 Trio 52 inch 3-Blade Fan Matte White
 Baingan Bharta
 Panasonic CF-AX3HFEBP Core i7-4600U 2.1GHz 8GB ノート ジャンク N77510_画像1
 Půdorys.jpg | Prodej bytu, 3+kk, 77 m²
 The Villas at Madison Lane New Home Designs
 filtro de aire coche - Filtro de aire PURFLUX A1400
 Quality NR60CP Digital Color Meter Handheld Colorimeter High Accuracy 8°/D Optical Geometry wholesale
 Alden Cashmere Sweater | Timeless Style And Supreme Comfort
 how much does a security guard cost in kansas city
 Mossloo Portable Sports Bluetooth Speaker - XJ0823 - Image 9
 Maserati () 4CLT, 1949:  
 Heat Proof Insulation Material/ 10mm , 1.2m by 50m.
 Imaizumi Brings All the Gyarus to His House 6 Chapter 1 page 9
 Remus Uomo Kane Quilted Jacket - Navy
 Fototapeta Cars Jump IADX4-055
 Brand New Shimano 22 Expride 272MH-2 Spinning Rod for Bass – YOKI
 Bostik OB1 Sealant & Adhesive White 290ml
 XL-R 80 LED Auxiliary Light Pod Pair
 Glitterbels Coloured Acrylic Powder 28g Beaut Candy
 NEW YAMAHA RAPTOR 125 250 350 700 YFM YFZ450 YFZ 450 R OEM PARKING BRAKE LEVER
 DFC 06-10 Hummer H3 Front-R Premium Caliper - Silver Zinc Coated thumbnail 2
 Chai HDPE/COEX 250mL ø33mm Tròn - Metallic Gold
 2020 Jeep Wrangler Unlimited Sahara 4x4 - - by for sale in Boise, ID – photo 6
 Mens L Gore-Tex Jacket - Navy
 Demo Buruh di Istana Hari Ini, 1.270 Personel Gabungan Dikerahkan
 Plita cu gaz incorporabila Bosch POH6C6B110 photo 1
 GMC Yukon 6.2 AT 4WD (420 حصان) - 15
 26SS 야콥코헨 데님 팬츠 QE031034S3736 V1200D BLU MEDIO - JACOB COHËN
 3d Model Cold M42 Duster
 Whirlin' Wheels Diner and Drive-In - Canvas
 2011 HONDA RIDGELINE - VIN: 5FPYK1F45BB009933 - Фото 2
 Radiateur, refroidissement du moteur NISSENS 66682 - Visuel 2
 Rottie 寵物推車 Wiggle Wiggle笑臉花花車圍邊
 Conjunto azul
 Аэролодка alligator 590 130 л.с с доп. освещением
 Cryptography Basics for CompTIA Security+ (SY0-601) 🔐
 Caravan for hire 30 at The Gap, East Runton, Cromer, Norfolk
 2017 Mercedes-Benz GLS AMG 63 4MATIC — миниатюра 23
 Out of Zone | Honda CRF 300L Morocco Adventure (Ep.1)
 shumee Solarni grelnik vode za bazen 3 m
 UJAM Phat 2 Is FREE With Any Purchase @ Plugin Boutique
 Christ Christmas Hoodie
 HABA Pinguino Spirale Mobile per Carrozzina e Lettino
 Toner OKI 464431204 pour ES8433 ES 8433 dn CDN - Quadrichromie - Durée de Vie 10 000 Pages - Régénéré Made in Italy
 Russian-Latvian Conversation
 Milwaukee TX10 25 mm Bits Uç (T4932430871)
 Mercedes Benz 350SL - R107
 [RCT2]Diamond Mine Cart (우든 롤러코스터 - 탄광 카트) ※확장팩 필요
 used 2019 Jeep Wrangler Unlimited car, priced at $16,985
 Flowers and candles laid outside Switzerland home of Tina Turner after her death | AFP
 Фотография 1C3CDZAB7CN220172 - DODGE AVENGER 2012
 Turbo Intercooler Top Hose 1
....
- _YOUR ASSIGNMENT_: Note every line in the material with "Benz" and copy it.

- _RESPONSE BOX_:
 2017 Mercedes-Benz GLS AMG 63 4MATIC — миниатюра 23
 Mercedes Benz 350SL - R107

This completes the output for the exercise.